Since the get go, Sanjeev Kumar’s character lies. Even when there’s no reason to. As a poet, it’s surprising to see Ranjeet have such little respect for the words he utters. When he first meets Nirmala, he tells her that he has an ailing wife back home to gain her sympathy. This kickstarts their romance as well as his long list of lies. To keep his double life going, Ranjeet begins to lie to his dutiful wife who awaits him back home at precisely 5 pm everyday. He also constantly lies to Nirmala about his supposedly bed-ridden wife. What’s weirdly fascinating is the sheer joy Ranjeet gets out of getting away with his lies.
Eventually one day, Sharda discovers a lipstick stain on Ranjeet’s handkerchief. To disprove her suspicions, Ranjeet plans an elaborate ruse by preparing a fake version of his personal diary in which he writes fake poetry about being committed to Sharda. All is temporarily settled until Sharda begins to doubt his excuses more and more. Eventually, her suspicions are proved right when she spots Ranjeet with Nirmala in a garden. But the mess doesn’t end there. Upon being confronted by his wife Sharda, Ranjeet’s instinct is to lie in increasingly more ways to cover up for the damage that he’s done.
For Ranjeet, the whole thing is just a light-hearted (but elaborate) performance of sorts. He seems to live by an impromptu script written for his own pleasure. His determination to deceive and exploit the trust of those who love him knows no bounds. And his theatrical props include cheesy, well-scripted dialogues that seem a little out of place in the film’s everyday life setup (or is that just how they spoke in 1978?)

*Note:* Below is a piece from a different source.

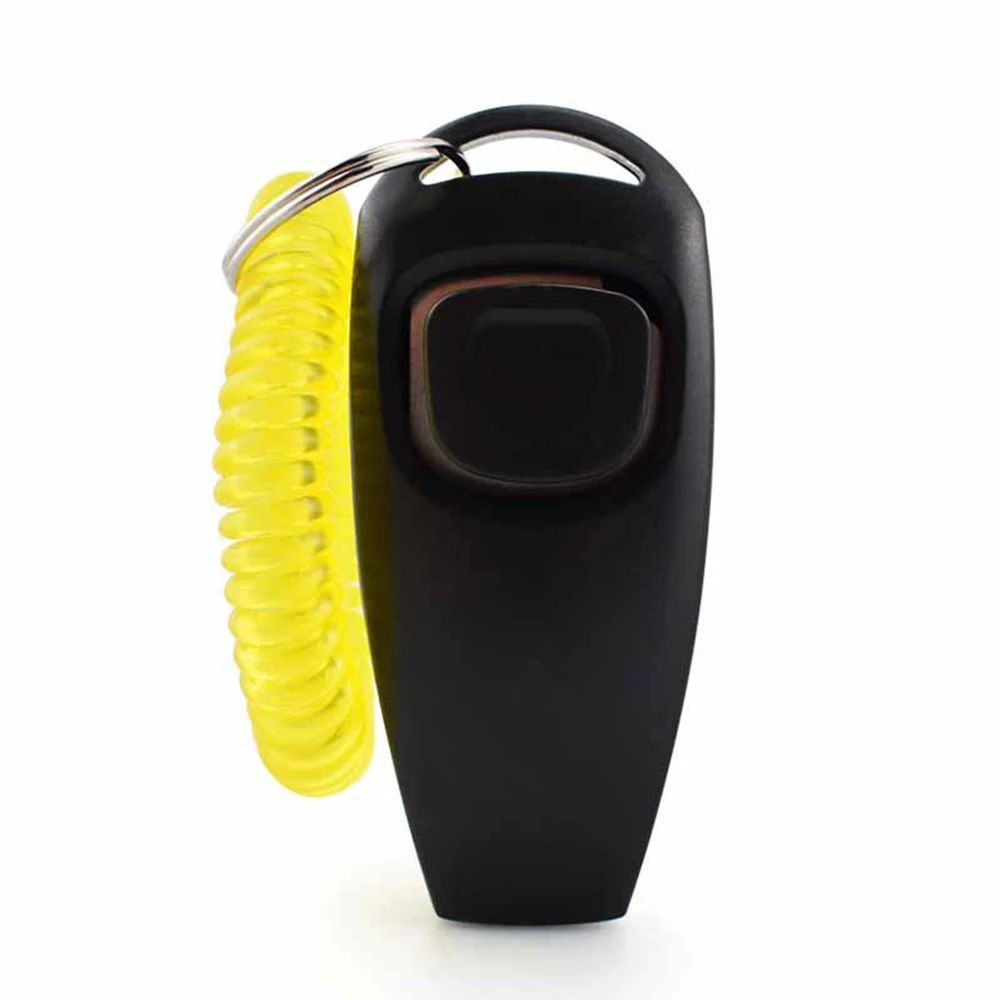 2 In 1 Pet Dog Clicker Dog Training Whistle Dog Trainer Puppy Stop Barking Training Aid Tool with Key Ring Pet Dog Supplies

Naturally, Pati Patni Aur Woh is loaded with normalised patriarchal themes. Sanjeev Kumar’s character, despite its faults, is a subtle reaffirmation of the ‘boys will be boys’ sentiment. His morally bankrupt masculine behaviour is unabashedly glorified, and the women are reduced to objects - or pawns - in a story that’s only about him. In fact, even the onus of fixing his wrongdoings is put on the women in the film. For example, when Sharda realises the extent of his lies, she wants to leave but doesn’t because she feels responsible for being the one that breaks up their family. She is portrayed as selfish for wanting to choose herself over the possibility of a traditional Indian family. She ends up staying back in the marriage and the couple goes back to pretending like nothing ever happened. The last scene hints at a new adulterous romance between Sanjeev Kumar’s character and his new assistant.
He convinces you that his tricks are harmless and entertaining, but only if you’re willing to give up your sincerity - a sacrifice I was all too willing to make. But will I be able to do the same when the infamous Kartik Aaryan remake of this film comes out? Probably not.